If mud is replaced with seawater prior to setting of the cement plug, its setting depth can contribute to under-balancing of the well, which suggests that the use of a lockdown sleeve to secure casing hangers in a subsea wellhead, because conventional lockdown devices are problematic, can lead to well control incidents.

"Conversely, on surface wellhead applications, all casing hangers are individually locked down as soon as casing is cemented, and this is done for good reason," Van Bilderbeek noted, and the same logic and safety disciplines should apply subsea for the protection of personnel and the environment.

Van Bilderbeek noted that DOI's May 2010 report advising that all casing hangers should be instantly locked down following cementing is correct.

Van Bilderbeek, who met with U.S. government officials in early December 2012 as part of a teaching mission on technology available for wellhead design, and to highlight the conflict which comes into play when a technology is both BAST and proprietary, notes that no justification exists for ever leaving casing hangers unlocked in a subsea wellhead at any time during drilling or production.

Van Bilderbeek commented that Shell has issued revised qualification guidelines which require that the lockdown capacity for subsea casing hangers during drilling is proven to a level equivalent to the requirement for production casing hangers in the field, Van Bilderbeek noted.

Plexus Brings New Engineering Approach to Wellhead TechnologyA POS-GRIP HG Platform Wellhead System

In October 2010, a joint industry project (JIP) was formed by Plexus to focus on development of a new class of subsea wellhead system, the POS-GRIP HGSS subsea wellhead, with particular focus on addressing systemic deficiencies of current technology.
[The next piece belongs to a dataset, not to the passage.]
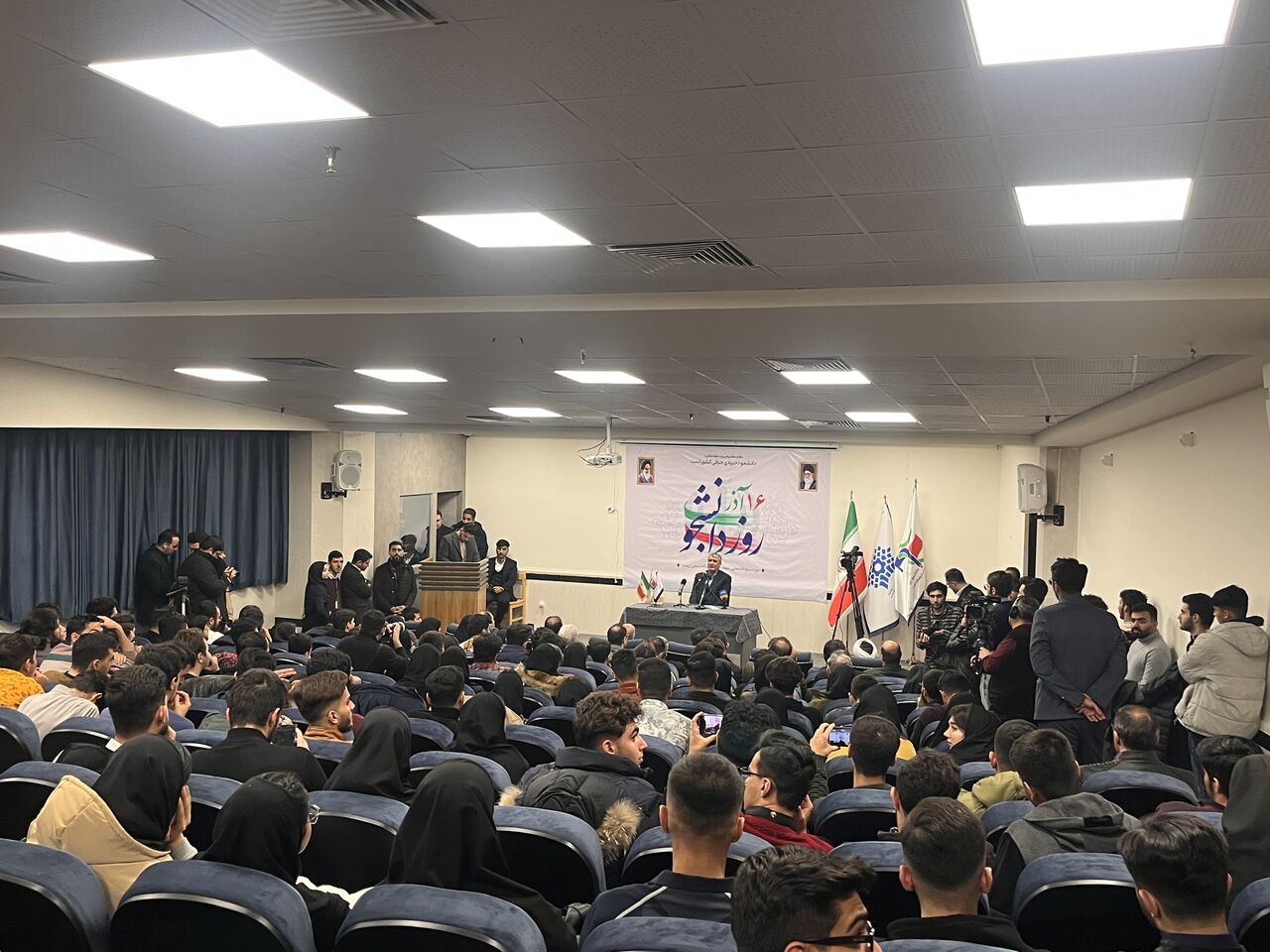 پاسخ مثبت معاون رییس جمهور به درخواست دانشجویان ارومیهای برای بازدید از صنایع هستهای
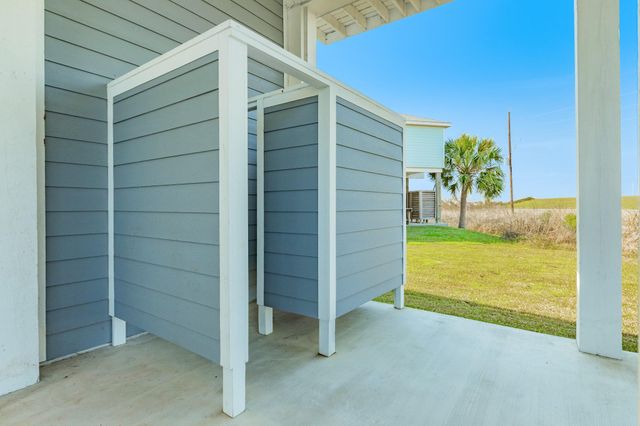 3903 Pirates Beach Blvd Court, Galveston, TX 77554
The JIP's primary target is to design a wellhead system in which all casing hangers can achieve rigid lockdown following cementing, while remaining releasable if it becomes necessary to recover casing.

The JIP's member rosters now include ENI, Oil States Industries, Maersk Oil subsidiary Maersk Oil North Sea UK, Shell Plc subsidiary Shell International Exploration and Production, Wintershall Holdings GmbH subsidiary Wintershall Noordzee, Total S.A., and Tullow Oil Plc. The project is expected to take between 18 and 24 months from the February 2012 launch date at a cost of approximately $2.3 million to $3.1 million (GBP 1.5 million to GBP 2 million). Any intellectual property created through the JIP will be owned by Plexus.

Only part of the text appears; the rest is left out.